From Arthur Andersen LLP v. Carlisle, 129 S. Ct. 1896 (May 4, 2009):

[Non-Party May Enforce Arbitration Agreement under FAA If Permitted to Do So under State Law]

Section 2 — the FAA's substantive mandate — makes written arbitration agreements "valid, irrevocable, and enforceable, save upon such grounds as exist at law or in equity for the revocation of a contract." That provision creates substantive federal law regarding the enforceability of arbitration agreements, requiring courts "to place such agreements upon the same footing as other contracts." Volt Information Sciences, Inc. v. Board of Trustees of Leland Stanford Junior Univ., 489 U.S. 468, 478, 109 S. Ct. 1248, 103 L. Ed. 2d 488 (1989) (internal quotation marks omitted). Section 3, in turn, allows litigants already in federal court to invoke agreements made enforceable by § 2. That provision requires the court, "on application of one of the parties," to stay the action if it involves an "issue referable to arbitration under an agreement in writing." 9 U.S.C. § 3.
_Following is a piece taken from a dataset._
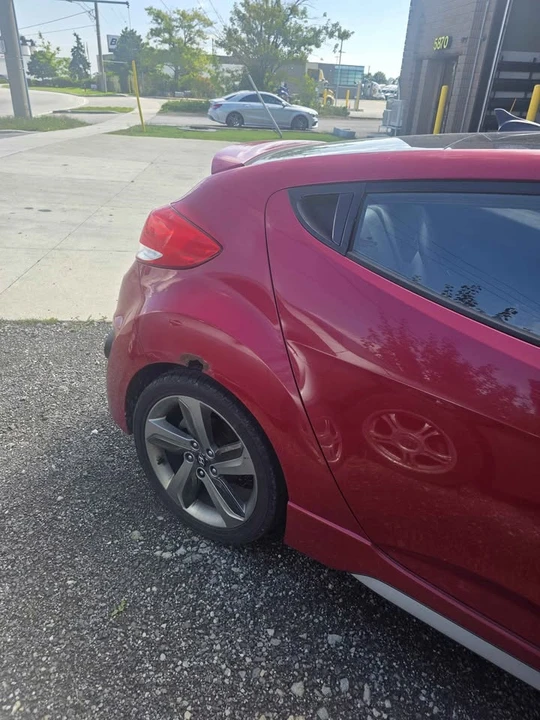 2013 Hyundai Veloster - Image 4 of 8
Neither provision purports to alter background principles of state contract law regarding the scope of agreements (including the question of who is bound by them). Indeed § 2 explicitly retains an external body of law governing revocation (such grounds "as exist at law or in equity"). And we think § 3 adds no substantive restriction to § 2's enforceability mandate. "[S]tate law," therefore, is applicable to determine which contracts are binding under § 2 and enforceable under § 3 "if that law arose to govern issues concerning the validity, revocability, and enforceability of contracts generally." Perry v. Thomas, 482 U.S. 483, 493, n. 9, 107 S. Ct. 2520, 96 L. Ed. 2d 426 (1987). See also First Options of Chicago, Inc. v. Kaplan, 514 U.S. 938, 944, 115 S. Ct. 1920, 131 L. Ed. 2d 985 (1995). Because "traditional principles" of state law allow a contract to be enforced by or against nonparties to the contract through "assumption, piercing the corporate veil, alter ego, incorporation by reference, third-party beneficiary theories, waiver and estoppel," 21 R. Lord, Williston on Contracts § 57:19, p. 183 (4th ed. 2001), the Sixth Circuit's holding that nonparties to a contract are categorically barred from § 3 relief was error.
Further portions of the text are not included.